Q - On assiste à un renouveau des mouvements autonomistes ou séparatistes en France et, plus généralement, dans toute l'Europe (Pays basque, Flandre, Corse, etc¿). Ne pensez-vous pas que l'Union européenne, en tant que construction politique, amplifie involontairement ce phénomène ? En outre, avec l'élargissement qui redéfinit les contours extérieurs de l'espace européen, ne faut-il pas redéfinir les découpages politiques à l'intérieur des Etats membres ?

R - L'Europe crée un espace plus vaste de circulation et de référence pour le citoyen. Il n'est dès lors pas étonnant que ce phénomène soit équilibré par le renforcement des sentiments d'appartenance à des collectivités plus restreintes que l'Etat nation. Mais il ne faut pas vivre ce phénomène comme une menace pour l'Etat. La France, en tout cas, ne le vit pas comme tel. Je vous rappelle un fait significatif : le premier président du Comité des régions était un Français, M. Jacques Blanc. Aujourd'hui, nous pensons qu'il faut que le Comité des régions accompagne ce phénomène en assurant une représentation efficace et équitable des autorités régionales et locales auprès des institutions de l'Union. Nous avons fait des propositions en ce sens.

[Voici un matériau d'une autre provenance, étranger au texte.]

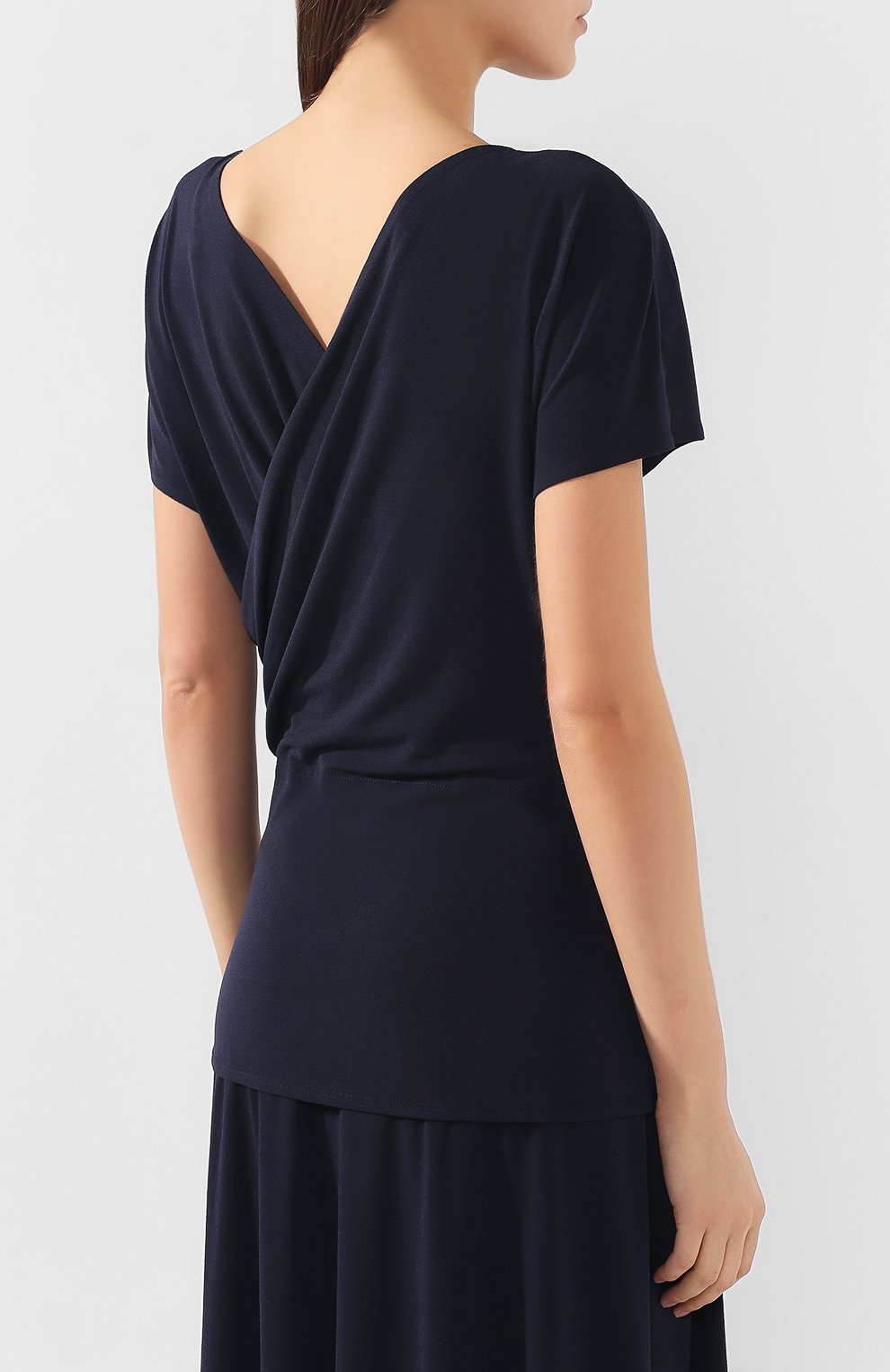 Топ BY MALENE BIRGER, арт. Q55597145/TSH5014S91, фото 4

Pour autant, chaque Etat est responsable de son organisation interne. C'est aux Etats et à eux seuls d'organiser leurs pouvoirs publics aux niveaux national, régional et local. L'Union, à 15 ou à 25, n'a pas à se prononcer sur la répartition interne des compétences dans les Etats membres. Car cette organisation est l'aboutissement de processus souvent anciens et de traditions très ancrées. Chacun s'est construit selon son modèle, fédéral chez les uns, unitaire chez les autres. En France, par exemple, nous privilégions un mouvement fort de décentralisation pour répondre à des besoins qui nous sont propres et qui ne concernent pas nécessairement nos partenaires. C'est en cela que nous souhaitons construire des régions d'Europe, mais pas une Europe des régions.

Il ne faut pas craindre une dilution des Etats entre l'Europe et les régions. En réalité, les Etats sont appelés, pour répondre aux défis de notre temps, à exercer leur souveraineté toujours plus en commun et dans des domaines de plus en plus sensibles (défense, droit pénal). L'Europe est donc appelée à consolider les institutions permettant de créer cet espace dans lequel les Etats pourront porter et assumer ces nouvelles formes de construction européenne, comme par exemple le Conseil européen.

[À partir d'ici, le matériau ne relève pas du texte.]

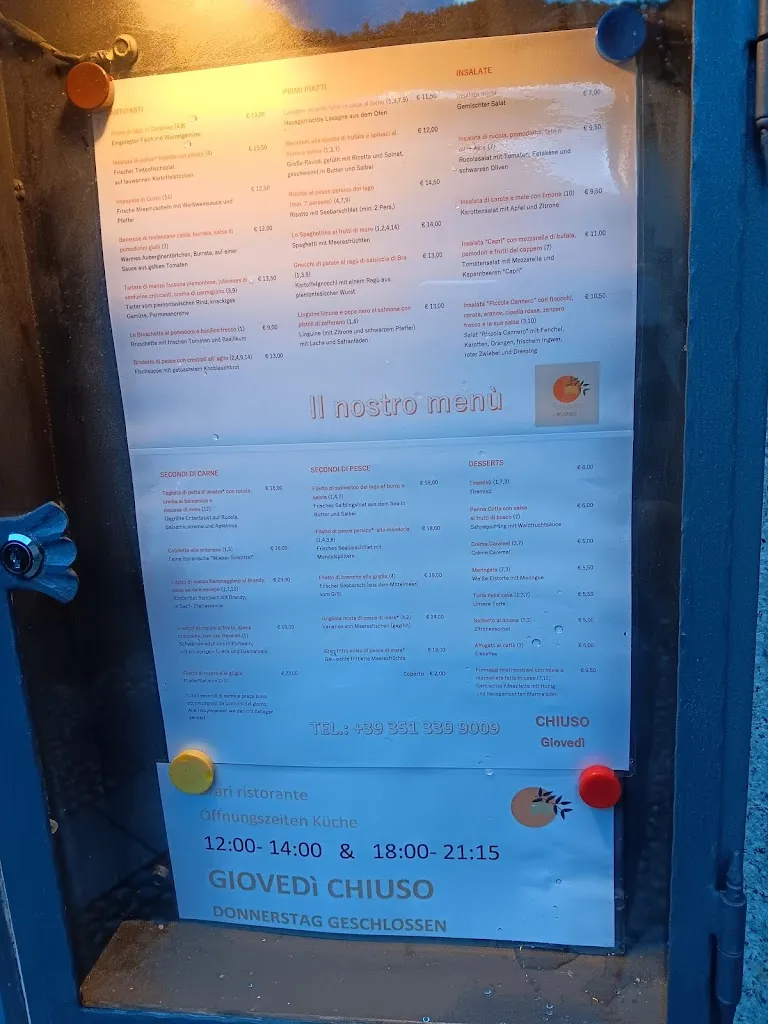 Menu_Ristorante Piccola Cannero_Cannero Riviera_image_3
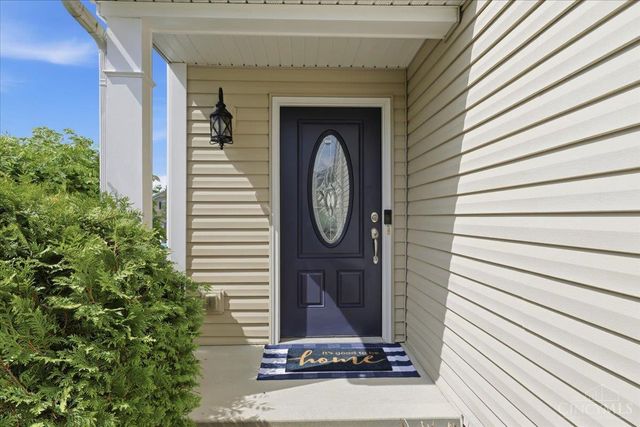 7827 Highbrook Drive, Hamilton Twp, OH 45039
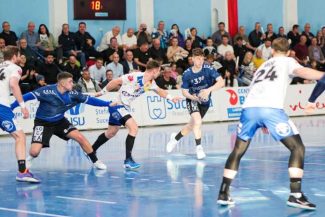Universitatea ‘Ștefan cel Mare’ din Suceava va organiza Campionatul European Universitar de Handbal din 2029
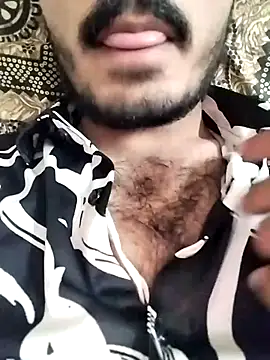 Hotyy subhu online show from 09-28-25, 04:45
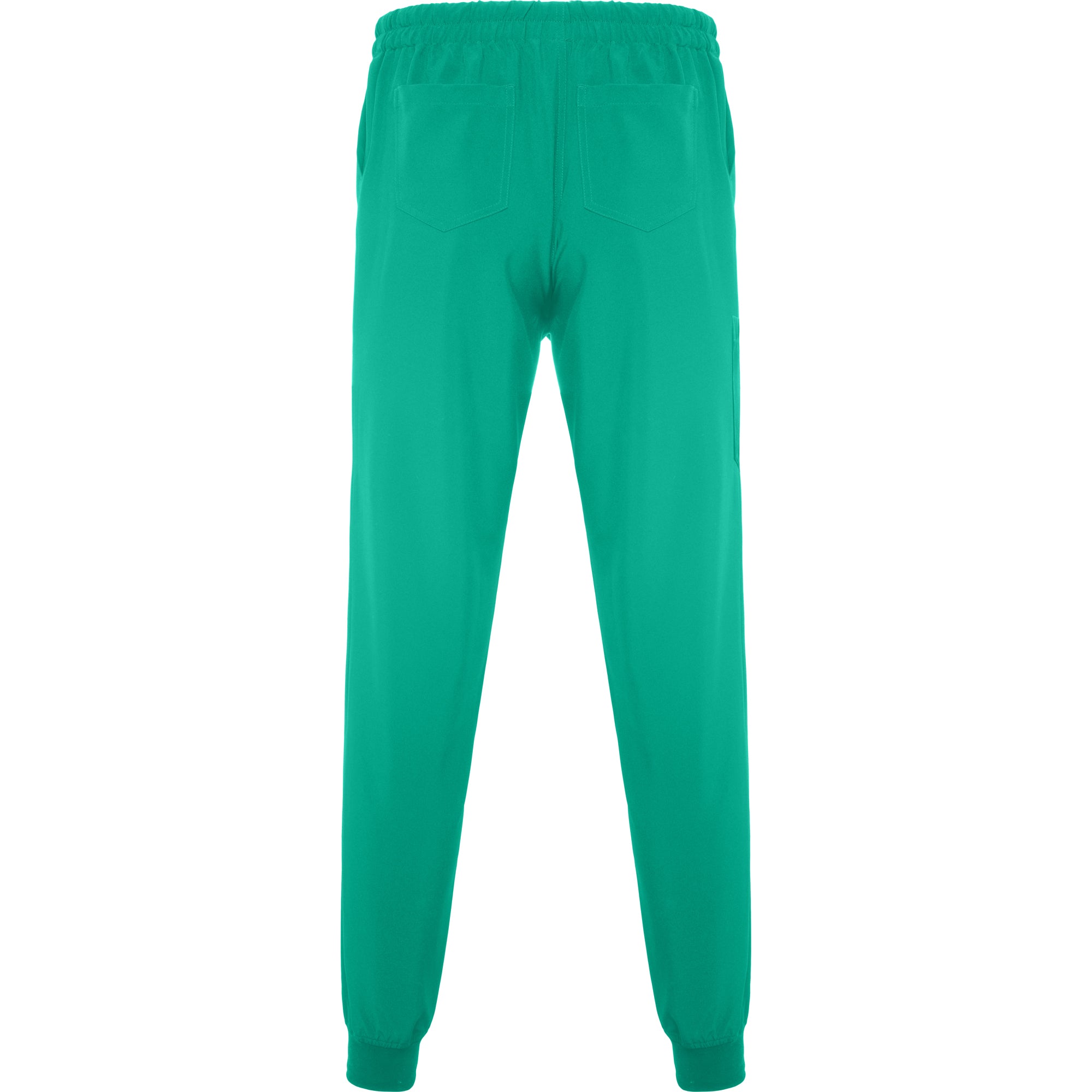 Pantaloni medicali unisex cu talie elastica FEROX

Q - Selon vous, où s'arrêtent les frontières de l'Europe ?

R - La question est posée pour la première fois grâce à la réussite des négociations d'élargissement. C'est la preuve du succès de la construction européenne que de s'approcher du moment où les membres de l'Union européenne recouvriront les frontières territoriales de l'Europe. Il y a là un élément positif que je souhaite, avant tout, souligner. J'ajoute que la question des frontières n'a de sens que pour un ensemble politique et que poser cette question pour l'Europe est, en soi, une réponse à la question que vous me posiez tout à l'heure entre l'Europe politique et l'Europe marché.

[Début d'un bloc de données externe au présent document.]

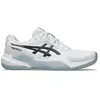 Chaussures de padel Asics Gel-Challenger 15 Blanc 43,5 1041A510 - 101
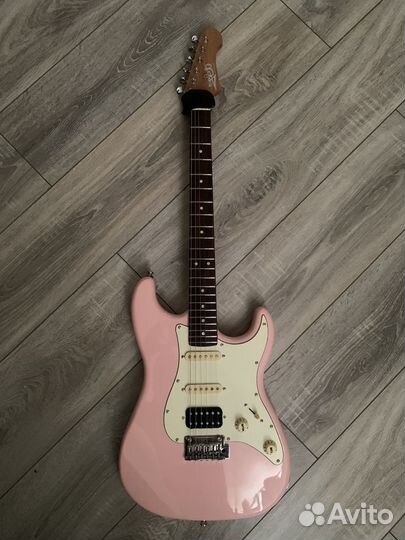 Электрогитара Jet JS-400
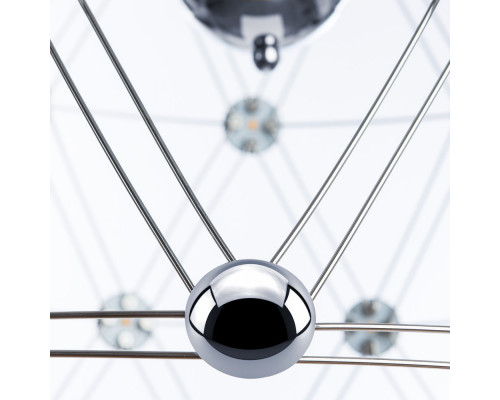 Сделать заказ Подвесная люстра Divinare 1608/02 SP-48| VIVID-LIGHT.RU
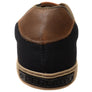 Perlatto Dan Mens Brazilian Comfortable Leather Slip On Casual Shoes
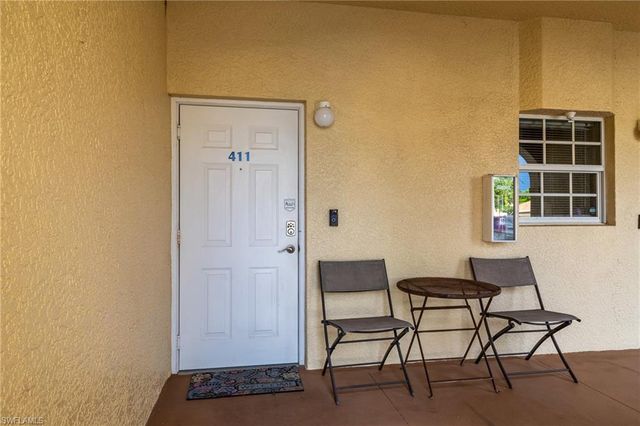 950 Hancock Creek South BLVD 411, Cape Coral, FL 33909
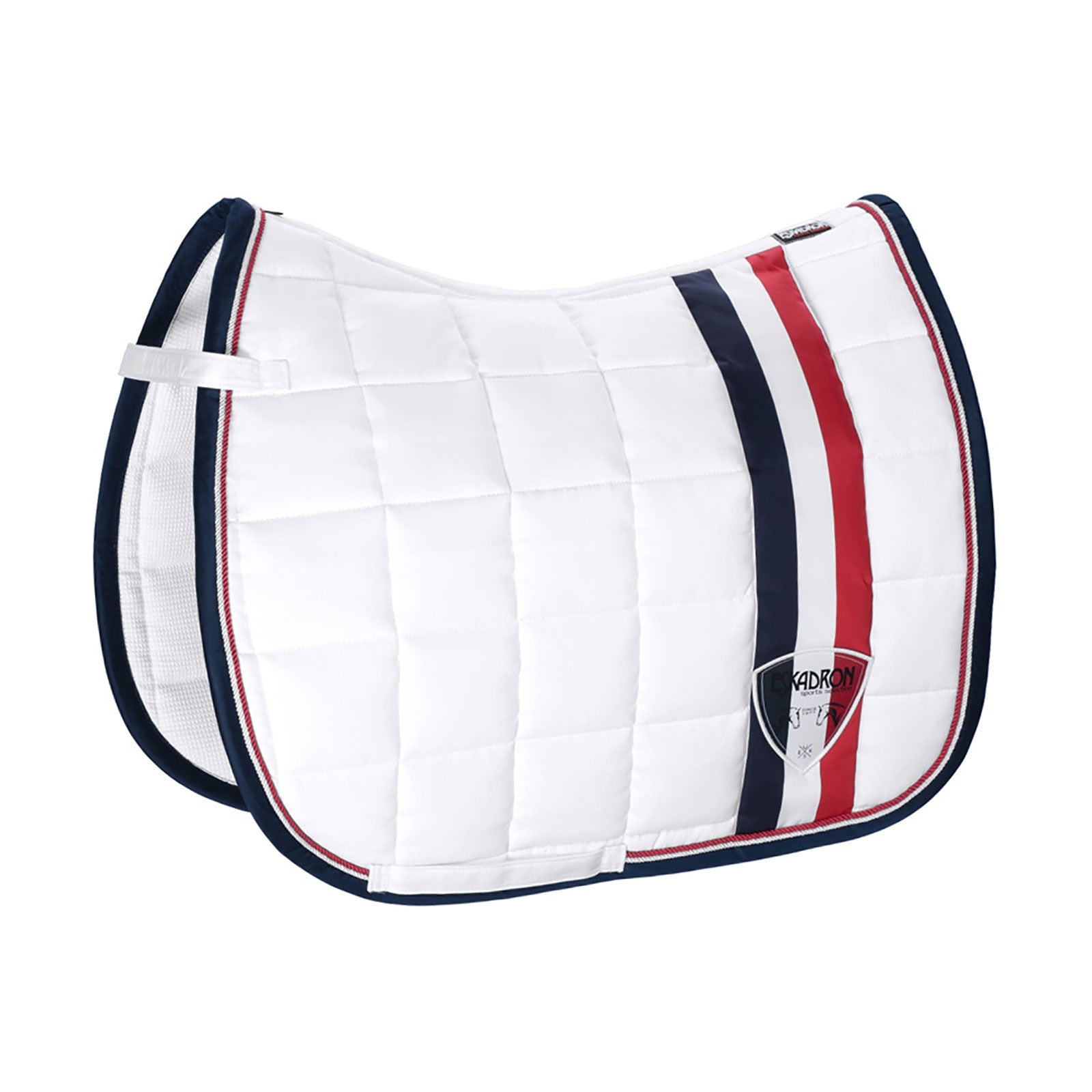 Eskadron COTTON BIG SQUARE sjabrak, dressur Sjabraker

La réponse à votre question doit être le fruit d'un processus d'analyse géographique, historique, culturelle mais aussi politique. C'est ensemble qu'il faut y répondre et par un débat. Et je pense non seulement à la candidature turque, mais également aux relations de partenariat très intenses qu'il nous faut construire avec des Etats, à l'Est, évidemment européens mais non-candidats comme la Russie, et avec nos partenaires du Sud avec lesquels nous partageons tellement de choses, à commencer par notre belle Méditerranée./.